## What needs to be done
Copy the records below exactly, starting at the line that contains "家庭版开口笑的做法，不用泡打粉，个个开口，又香又酥更健康" and ending at the line that contains "Slide: The Image"; leave out any pictures.

## Data for analysis
__________
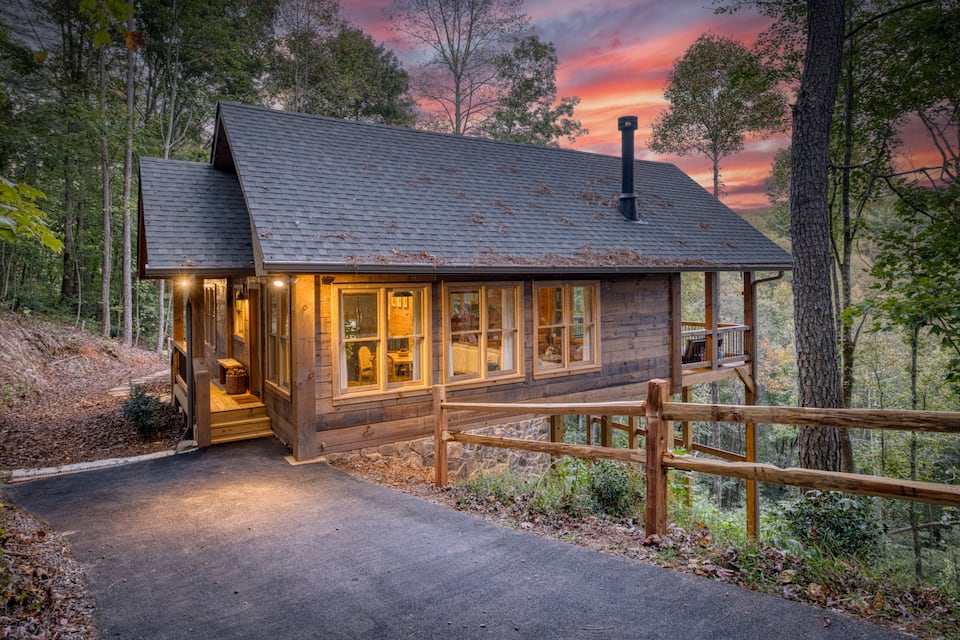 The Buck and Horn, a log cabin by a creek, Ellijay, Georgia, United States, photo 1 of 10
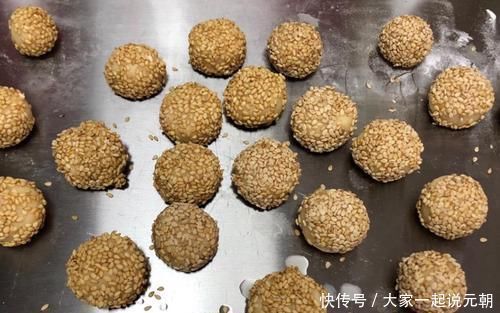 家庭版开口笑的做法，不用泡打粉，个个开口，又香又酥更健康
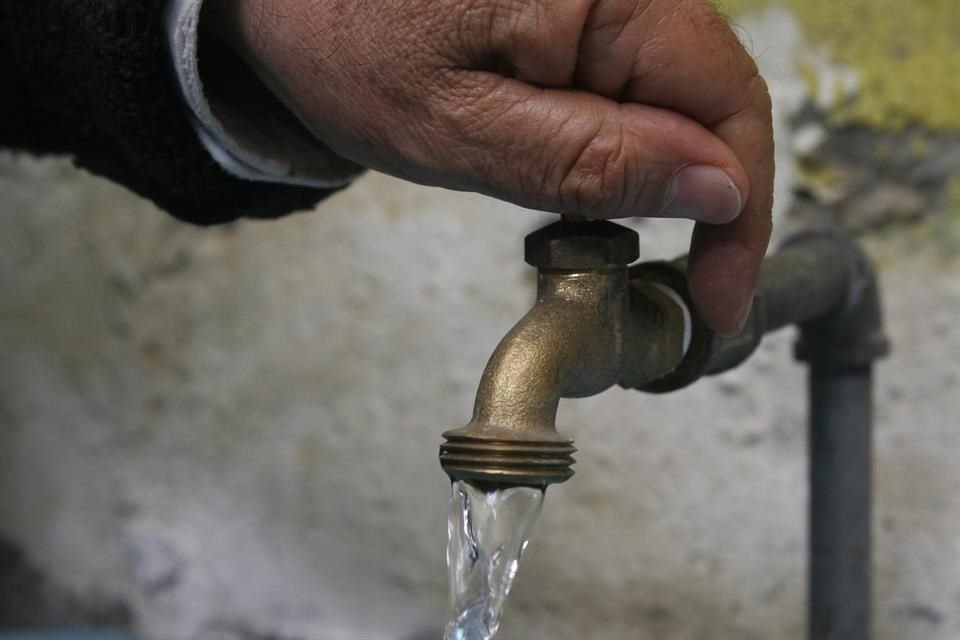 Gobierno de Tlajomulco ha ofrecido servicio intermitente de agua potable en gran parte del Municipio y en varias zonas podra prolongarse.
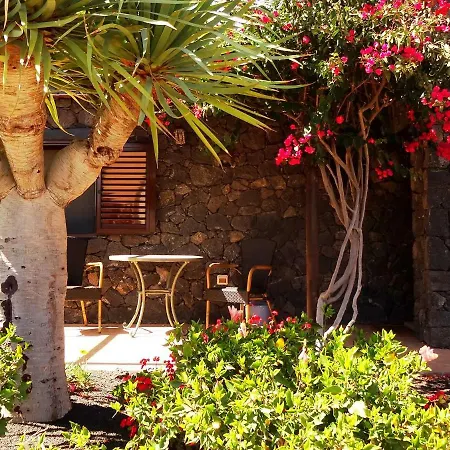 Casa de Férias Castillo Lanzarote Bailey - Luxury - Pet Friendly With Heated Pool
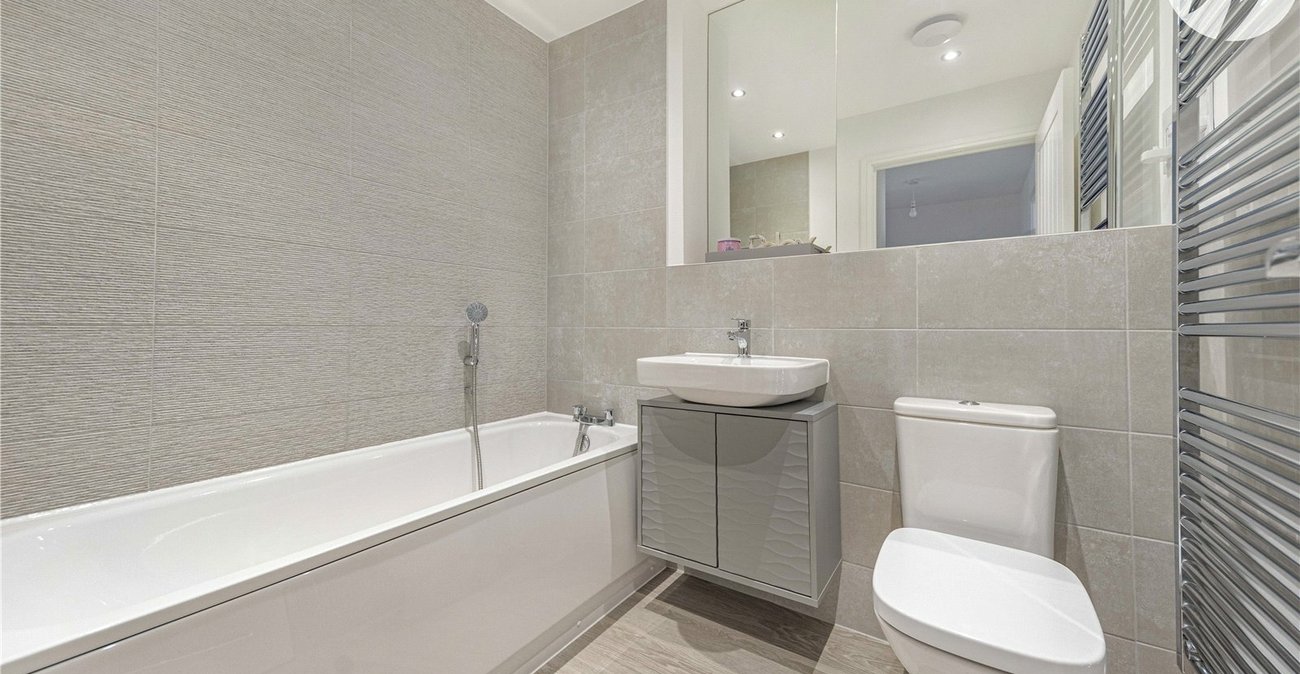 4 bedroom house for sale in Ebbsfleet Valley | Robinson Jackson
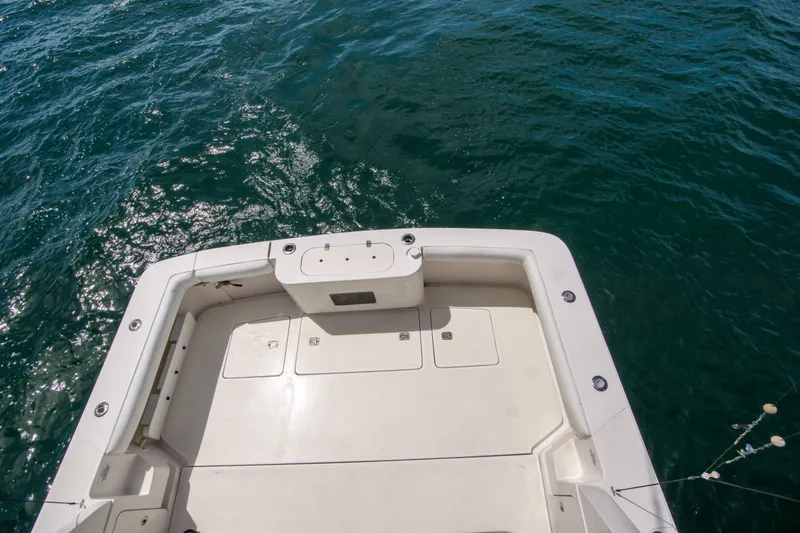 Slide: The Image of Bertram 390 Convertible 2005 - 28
__________
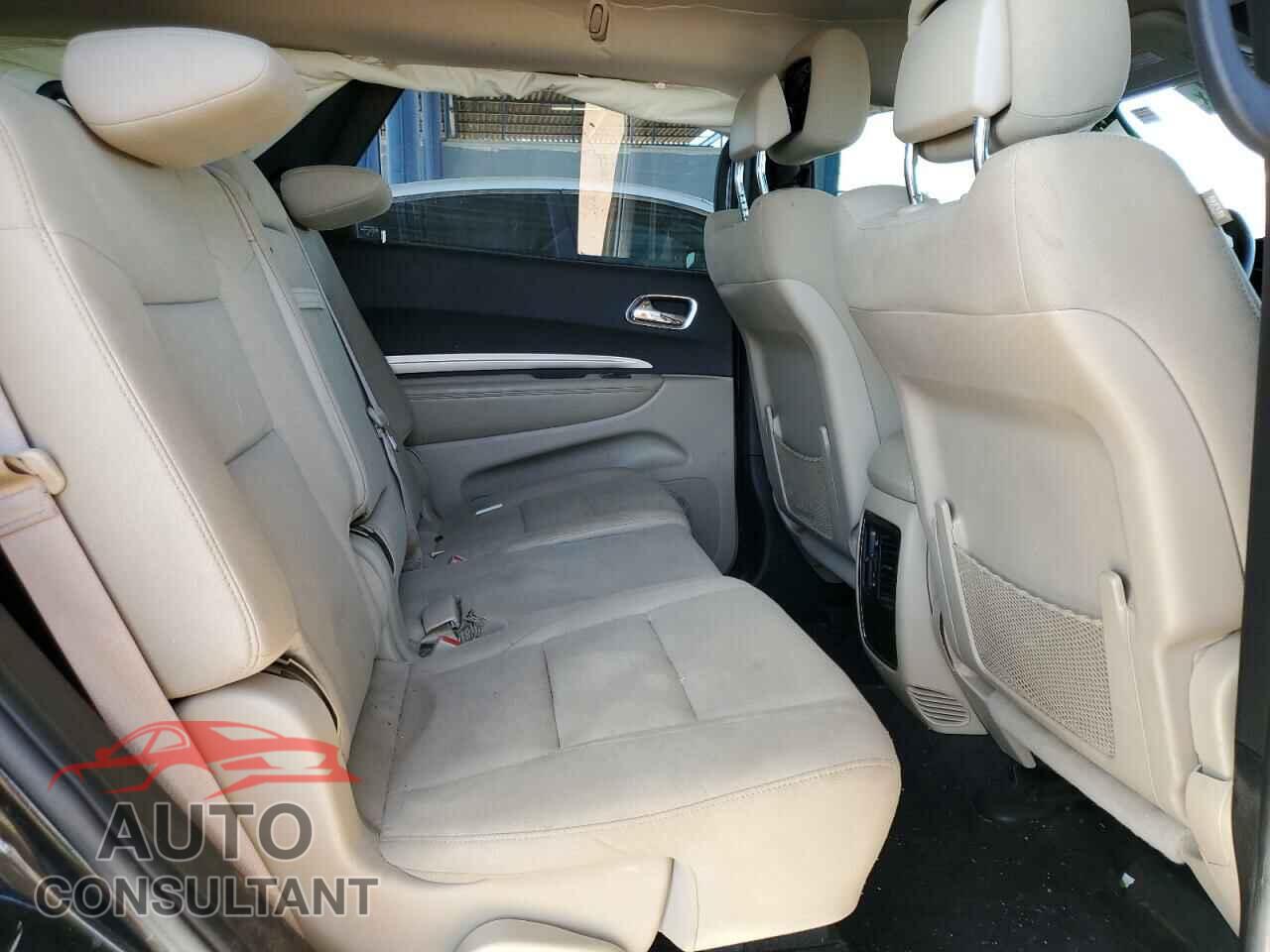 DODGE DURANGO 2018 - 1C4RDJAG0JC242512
__________
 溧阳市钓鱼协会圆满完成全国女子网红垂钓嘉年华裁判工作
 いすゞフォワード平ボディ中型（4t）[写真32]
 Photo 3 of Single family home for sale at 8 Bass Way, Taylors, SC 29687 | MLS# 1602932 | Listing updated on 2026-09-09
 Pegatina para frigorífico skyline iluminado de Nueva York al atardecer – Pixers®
__________
## Response
 家庭版开口笑的做法，不用泡打粉，个个开口，又香又酥更健康
 Gobierno de Tlajomulco ha ofrecido servicio intermitente de agua potable en gran parte del Municipio y en varias zonas podra prolongarse.
 Casa de Férias Castillo Lanzarote Bailey - Luxury - Pet Friendly With Heated Pool
 4 bedroom house for sale in Ebbsfleet Valley | Robinson Jackson
 Slide: The Image of Bertram 390 Convertible 2005 - 28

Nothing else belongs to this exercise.